> Required work:
Repeat the stretch of entries below from the line with "Multipurpose Clear Plastic" through the line with "شاحن جداري نكسود". Include both ends and add nothing.

> Task input:
++++++++

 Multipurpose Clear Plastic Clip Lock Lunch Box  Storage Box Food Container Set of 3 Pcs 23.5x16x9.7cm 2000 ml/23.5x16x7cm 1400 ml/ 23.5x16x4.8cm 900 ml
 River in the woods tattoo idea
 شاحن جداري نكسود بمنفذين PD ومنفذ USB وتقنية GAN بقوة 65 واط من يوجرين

++++++++

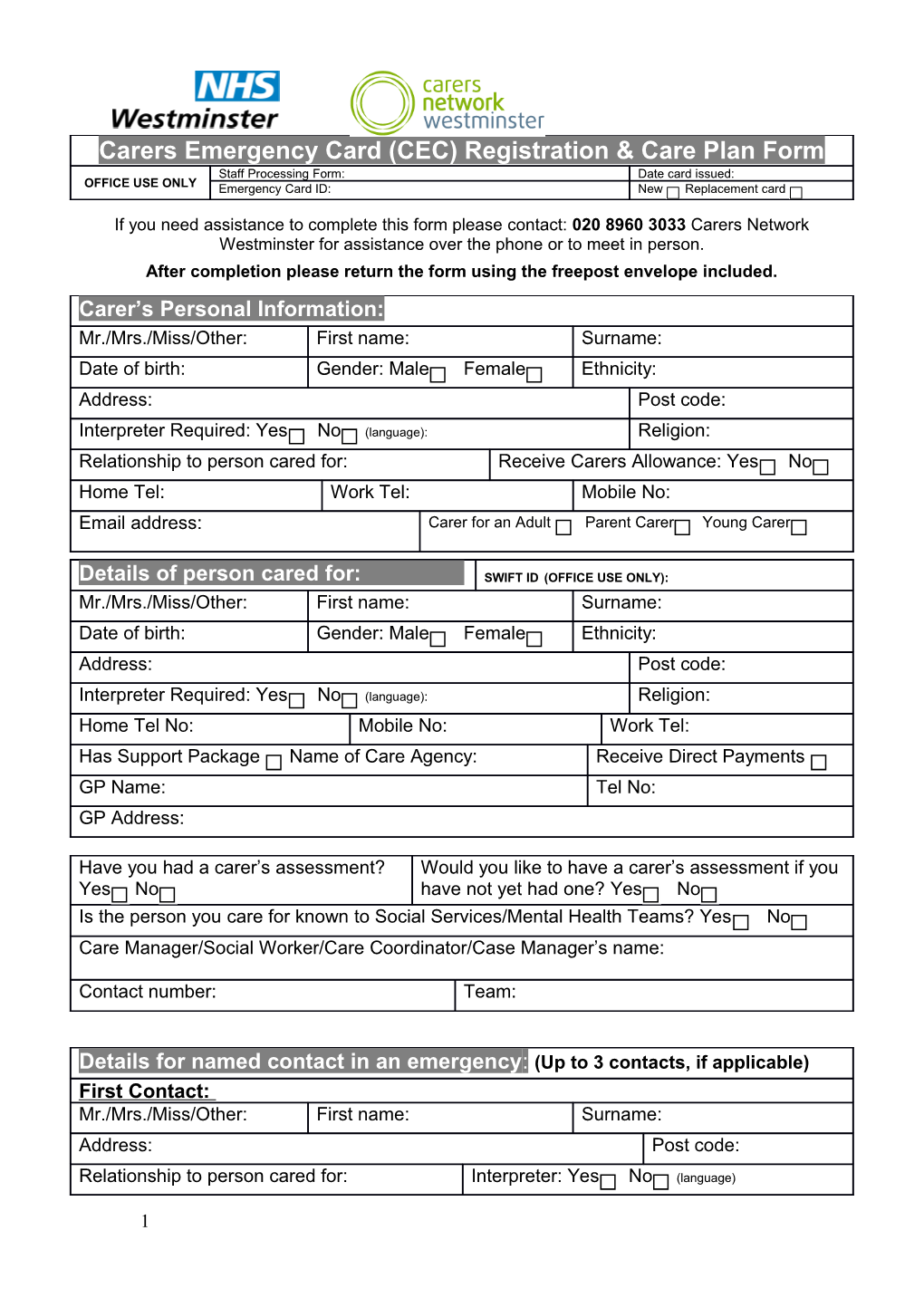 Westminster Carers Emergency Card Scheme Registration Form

++++++++

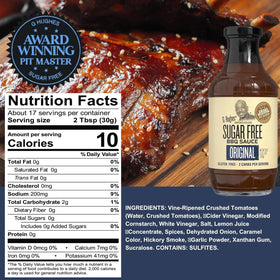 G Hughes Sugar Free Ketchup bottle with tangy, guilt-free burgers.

++++++++

> Solution:
 Multipurpose Clear Plastic Clip Lock Lunch Box  Storage Box Food Container Set of 3 Pcs 23.5x16x9.7cm 2000 ml/23.5x16x7cm 1400 ml/ 23.5x16x4.8cm 900 ml
 River in the woods tattoo idea
 شاحن جداري نكسود بمنفذين PD ومنفذ USB وتقنية GAN بقوة 65 واط من يوجرين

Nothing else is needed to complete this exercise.